Most stacks are designed for scale.
Mine isn’t.
It’s designed to stay simple.
Not because scaling doesn’t matter, but because I’m not there yet. And more importantly, because I don’t want to spend time maintaining infrastructure I don’t need.
I don’t avoid infrastructure. I avoid owning it.
The constraint
I build solo.
Projects are small to medium in scope. Some are experiments, some are products, some are freelance work.
None of them require complex infrastructure.
So the goal is not flexibility or completeness.
It’s:
- minimal setup
- low maintenance
- fast iteration
- something I won’t abandon in three months
That rules out a lot of things by default.
Frontend and hosting
For product work, I use Next.js with Vercel.

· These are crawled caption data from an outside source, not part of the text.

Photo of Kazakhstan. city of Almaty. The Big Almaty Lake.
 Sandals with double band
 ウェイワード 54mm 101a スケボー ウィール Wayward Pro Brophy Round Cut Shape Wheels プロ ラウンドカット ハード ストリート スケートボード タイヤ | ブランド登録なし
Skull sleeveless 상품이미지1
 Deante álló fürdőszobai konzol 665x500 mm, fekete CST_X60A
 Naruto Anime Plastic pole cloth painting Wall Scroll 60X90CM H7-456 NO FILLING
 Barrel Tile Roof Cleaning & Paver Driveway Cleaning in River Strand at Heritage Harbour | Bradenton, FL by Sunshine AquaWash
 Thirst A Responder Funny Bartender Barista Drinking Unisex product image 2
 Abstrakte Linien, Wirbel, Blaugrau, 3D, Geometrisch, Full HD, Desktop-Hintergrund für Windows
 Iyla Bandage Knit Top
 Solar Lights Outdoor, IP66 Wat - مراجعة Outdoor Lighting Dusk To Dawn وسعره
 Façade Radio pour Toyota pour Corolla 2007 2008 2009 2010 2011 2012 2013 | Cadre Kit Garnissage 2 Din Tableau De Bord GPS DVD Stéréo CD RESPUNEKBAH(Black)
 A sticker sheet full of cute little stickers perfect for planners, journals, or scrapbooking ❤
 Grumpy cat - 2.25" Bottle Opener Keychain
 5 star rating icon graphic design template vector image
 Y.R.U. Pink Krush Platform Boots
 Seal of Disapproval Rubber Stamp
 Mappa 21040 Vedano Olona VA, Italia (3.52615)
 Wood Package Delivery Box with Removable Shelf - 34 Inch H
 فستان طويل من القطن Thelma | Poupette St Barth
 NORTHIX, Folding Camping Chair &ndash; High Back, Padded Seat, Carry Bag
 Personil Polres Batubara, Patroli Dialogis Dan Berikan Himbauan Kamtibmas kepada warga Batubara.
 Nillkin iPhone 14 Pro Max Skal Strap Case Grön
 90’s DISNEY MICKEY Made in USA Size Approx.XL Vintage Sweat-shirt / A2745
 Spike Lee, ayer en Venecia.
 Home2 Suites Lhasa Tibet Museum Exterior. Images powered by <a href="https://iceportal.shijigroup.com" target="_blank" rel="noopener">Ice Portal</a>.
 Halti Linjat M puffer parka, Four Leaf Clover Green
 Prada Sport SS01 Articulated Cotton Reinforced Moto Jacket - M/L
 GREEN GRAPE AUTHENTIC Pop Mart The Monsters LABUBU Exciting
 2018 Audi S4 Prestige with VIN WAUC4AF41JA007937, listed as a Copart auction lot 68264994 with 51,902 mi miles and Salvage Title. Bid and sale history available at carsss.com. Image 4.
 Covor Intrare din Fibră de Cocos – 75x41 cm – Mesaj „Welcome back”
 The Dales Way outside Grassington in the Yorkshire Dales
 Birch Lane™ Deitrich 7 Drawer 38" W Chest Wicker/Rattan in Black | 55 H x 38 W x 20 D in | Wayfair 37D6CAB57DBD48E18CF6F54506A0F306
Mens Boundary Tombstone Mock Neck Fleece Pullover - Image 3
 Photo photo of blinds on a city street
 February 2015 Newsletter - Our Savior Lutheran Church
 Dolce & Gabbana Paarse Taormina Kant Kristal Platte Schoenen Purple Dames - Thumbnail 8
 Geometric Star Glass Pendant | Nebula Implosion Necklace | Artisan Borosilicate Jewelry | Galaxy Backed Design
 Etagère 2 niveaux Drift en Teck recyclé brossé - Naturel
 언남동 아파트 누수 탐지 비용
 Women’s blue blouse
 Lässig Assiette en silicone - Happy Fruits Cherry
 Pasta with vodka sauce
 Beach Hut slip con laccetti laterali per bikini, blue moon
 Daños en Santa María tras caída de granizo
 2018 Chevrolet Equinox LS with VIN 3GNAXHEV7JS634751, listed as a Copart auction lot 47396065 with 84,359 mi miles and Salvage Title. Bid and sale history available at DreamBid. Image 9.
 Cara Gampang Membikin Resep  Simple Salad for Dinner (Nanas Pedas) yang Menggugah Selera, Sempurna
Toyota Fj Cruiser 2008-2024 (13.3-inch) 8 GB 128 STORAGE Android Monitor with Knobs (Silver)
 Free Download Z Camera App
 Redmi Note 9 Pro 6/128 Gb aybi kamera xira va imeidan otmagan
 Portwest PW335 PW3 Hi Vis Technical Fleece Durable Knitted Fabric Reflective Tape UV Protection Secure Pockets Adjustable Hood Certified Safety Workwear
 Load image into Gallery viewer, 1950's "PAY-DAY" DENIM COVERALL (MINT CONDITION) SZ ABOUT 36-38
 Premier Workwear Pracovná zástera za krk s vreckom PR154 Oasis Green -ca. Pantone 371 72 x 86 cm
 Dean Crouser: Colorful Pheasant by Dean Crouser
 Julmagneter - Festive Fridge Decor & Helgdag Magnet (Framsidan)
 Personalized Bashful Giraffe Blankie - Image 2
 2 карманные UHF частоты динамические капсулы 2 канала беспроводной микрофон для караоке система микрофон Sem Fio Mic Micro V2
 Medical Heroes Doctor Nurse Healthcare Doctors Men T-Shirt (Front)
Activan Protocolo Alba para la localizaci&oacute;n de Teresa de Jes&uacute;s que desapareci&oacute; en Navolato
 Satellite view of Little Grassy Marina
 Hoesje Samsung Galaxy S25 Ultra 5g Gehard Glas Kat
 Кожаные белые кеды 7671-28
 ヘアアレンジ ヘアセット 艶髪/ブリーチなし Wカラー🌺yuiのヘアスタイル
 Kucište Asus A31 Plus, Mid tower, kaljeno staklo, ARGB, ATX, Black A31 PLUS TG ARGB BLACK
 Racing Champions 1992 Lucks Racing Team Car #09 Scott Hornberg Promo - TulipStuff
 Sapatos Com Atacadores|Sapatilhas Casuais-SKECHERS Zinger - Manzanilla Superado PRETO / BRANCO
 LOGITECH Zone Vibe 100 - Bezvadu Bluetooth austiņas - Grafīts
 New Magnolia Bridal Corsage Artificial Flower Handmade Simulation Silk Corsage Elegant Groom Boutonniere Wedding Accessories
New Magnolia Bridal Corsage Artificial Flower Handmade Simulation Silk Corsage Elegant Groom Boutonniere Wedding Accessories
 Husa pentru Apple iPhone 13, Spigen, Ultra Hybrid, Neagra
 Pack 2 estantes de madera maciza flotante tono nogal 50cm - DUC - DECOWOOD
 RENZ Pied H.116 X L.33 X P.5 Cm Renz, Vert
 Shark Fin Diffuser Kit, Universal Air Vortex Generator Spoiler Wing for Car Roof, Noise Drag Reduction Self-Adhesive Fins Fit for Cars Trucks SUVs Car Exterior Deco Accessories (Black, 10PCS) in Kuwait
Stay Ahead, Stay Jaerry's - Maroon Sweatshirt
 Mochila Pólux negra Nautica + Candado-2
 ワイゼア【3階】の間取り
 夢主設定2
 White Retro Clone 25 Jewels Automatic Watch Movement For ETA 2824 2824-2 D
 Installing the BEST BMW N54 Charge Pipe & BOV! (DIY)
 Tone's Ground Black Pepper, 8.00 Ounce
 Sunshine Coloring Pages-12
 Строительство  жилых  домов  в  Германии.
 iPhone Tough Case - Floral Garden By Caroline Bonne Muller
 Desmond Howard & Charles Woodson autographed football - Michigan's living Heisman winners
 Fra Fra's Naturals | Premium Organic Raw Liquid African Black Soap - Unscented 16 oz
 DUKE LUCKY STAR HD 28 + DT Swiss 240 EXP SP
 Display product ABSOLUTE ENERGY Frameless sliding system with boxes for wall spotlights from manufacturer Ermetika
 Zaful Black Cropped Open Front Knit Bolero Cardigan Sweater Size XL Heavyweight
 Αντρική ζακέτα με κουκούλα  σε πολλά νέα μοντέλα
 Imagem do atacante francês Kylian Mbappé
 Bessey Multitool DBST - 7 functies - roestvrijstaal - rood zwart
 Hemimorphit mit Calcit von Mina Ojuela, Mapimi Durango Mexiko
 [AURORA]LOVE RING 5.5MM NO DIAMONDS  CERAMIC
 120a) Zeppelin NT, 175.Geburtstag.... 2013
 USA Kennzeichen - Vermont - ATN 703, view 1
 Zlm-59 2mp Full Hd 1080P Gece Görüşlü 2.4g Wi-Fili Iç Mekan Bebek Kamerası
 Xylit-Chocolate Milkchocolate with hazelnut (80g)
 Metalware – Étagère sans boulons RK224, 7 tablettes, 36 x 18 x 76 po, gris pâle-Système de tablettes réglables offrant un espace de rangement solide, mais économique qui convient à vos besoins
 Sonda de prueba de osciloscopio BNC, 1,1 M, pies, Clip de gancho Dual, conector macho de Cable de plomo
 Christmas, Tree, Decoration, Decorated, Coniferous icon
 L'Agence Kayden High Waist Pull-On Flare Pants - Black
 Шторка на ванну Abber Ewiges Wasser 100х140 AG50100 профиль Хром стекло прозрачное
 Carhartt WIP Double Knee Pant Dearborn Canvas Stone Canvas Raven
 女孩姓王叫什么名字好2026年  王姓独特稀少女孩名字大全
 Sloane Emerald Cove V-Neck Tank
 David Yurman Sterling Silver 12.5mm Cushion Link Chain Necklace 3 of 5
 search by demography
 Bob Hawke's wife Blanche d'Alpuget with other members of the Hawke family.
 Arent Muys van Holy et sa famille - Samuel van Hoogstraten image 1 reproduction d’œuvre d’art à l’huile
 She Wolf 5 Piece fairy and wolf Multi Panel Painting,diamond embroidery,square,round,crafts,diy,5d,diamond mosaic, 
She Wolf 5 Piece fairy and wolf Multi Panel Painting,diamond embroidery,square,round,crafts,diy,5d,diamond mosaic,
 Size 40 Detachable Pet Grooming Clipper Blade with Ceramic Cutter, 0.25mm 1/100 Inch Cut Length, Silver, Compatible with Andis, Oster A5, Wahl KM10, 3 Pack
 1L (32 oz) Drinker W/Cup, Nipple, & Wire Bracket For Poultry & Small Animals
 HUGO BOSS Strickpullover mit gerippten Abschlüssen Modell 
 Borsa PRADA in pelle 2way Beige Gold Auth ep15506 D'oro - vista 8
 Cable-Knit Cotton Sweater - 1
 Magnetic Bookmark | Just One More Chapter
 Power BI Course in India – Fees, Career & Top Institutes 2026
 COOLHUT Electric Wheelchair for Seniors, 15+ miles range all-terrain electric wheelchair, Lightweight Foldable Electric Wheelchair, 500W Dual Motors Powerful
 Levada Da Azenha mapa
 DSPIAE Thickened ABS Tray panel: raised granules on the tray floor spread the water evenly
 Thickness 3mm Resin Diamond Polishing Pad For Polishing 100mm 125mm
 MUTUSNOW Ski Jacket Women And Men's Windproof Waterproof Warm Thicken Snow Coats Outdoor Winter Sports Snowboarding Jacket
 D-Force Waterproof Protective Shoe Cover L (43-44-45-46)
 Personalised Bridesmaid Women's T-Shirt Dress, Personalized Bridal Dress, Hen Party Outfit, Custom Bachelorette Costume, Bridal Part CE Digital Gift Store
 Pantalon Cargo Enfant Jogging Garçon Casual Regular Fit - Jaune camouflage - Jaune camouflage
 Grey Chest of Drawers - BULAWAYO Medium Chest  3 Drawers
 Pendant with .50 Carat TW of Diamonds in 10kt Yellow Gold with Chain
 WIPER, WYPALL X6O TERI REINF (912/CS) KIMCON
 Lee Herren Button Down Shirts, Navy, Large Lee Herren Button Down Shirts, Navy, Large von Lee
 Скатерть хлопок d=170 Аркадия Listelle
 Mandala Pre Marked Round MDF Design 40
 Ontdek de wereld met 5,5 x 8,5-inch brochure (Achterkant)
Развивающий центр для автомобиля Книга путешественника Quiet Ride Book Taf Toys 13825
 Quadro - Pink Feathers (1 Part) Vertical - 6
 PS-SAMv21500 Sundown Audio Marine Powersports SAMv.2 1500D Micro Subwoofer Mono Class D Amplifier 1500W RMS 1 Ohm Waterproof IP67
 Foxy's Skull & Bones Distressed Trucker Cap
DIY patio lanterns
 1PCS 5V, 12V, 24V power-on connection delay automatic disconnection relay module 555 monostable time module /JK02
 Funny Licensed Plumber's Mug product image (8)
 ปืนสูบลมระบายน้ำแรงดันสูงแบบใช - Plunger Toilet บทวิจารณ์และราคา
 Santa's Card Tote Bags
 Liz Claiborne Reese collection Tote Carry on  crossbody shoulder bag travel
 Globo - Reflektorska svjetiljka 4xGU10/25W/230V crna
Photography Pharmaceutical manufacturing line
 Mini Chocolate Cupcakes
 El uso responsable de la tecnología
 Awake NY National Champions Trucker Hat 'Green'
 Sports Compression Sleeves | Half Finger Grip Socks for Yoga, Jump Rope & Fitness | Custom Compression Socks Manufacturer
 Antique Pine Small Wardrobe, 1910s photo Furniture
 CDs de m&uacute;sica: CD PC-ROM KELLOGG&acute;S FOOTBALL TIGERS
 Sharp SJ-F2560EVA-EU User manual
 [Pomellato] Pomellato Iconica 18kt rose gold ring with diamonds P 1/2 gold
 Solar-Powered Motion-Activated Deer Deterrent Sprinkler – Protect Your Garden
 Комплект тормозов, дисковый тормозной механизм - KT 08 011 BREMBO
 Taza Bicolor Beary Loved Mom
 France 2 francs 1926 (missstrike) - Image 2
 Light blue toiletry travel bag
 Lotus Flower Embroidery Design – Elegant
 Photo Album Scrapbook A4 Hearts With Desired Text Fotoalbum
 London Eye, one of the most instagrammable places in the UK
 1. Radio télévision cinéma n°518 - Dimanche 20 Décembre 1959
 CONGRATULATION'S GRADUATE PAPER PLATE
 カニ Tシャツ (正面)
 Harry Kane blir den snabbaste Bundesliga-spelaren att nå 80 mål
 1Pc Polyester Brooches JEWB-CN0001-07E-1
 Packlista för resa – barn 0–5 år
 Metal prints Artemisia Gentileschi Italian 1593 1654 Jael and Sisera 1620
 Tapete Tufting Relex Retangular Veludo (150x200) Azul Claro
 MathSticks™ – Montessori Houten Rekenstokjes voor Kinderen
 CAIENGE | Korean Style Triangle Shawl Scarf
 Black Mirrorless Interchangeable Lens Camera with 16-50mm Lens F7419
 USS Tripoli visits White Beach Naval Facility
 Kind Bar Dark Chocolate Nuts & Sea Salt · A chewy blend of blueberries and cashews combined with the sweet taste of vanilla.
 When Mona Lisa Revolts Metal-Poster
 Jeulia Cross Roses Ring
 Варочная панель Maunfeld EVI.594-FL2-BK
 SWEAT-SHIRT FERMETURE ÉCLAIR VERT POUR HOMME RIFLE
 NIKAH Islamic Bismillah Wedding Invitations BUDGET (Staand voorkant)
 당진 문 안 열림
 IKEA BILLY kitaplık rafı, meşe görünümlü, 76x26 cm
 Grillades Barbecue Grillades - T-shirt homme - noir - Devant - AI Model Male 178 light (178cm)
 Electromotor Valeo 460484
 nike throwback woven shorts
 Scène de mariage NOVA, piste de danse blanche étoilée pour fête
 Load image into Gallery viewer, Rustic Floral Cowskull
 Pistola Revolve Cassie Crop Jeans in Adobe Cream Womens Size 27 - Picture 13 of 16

It gives me everything I need:
- frontend
- API routes when necessary
- deployment without setup
Push to GitHub, it’s live.
That’s the level of complexity I want.
For my own site, I go even simpler.
Astro with GitHub Pages and Cloudflare Workers.
Static by default. Minimal moving parts. Cheap to run.
No reason to make that more complicated.
Auth and database
Firebase for both.
Auth and Firestore cover:
- user accounts
- data storage
- real-time updates when needed
No separate backend. No ORM. No migrations.
It’s not the most flexible setup, but it removes more problems than it creates.
That’s the trade I want.
CI/CD
I keep this minimal, but I don’t avoid it.
For web projects:
- Vercel handles deployments
- GitHub Actions runs simple workflows when needed
Build, test, deploy. No complex pipelines.
For iOS:
- Xcode Cloud handles builds, tests, and distribution
All of this follows the same rule:
Use managed systems where possible. Keep custom logic minimal.
Monitoring
Very little.
UptimeRobot for basic checks.
Some logs when needed.
No dashboards, no alerting systems, no observability stack.
At this scale, I don’t need them.
Costs
Almost zero.
- hosting → free tiers
- Firebase → free at this scale
- Vercel → free for what I use
The only real costs are:
- Apple Developer account
- tools
This is intentional.
I don’t want infrastructure cost to shape decisions.
What I didn’t choose
I’ve used AWS and GCP before.
They’re powerful.
They’re also unnecessary for what I’m doing.
Same with:
- Kubernetes
- custom backend infrastructure
- complex CI/CD setups
All of these make sense at a certain scale.
But introducing them early just creates overhead.
That’s the same pattern I wrote about in When Not to Use Kubernetes.
When this breaks
This stack won’t hold forever.
It breaks when:
- backend logic becomes complex
- data grows significantly
- multiple services need coordination
At that point, more structure makes sense.
But until then, adding it early just slows things down.
Closing
This is not the best stack.
It’s the simplest one that covers everything I actually build.
That’s enough.
And more importantly, it stays out of the way.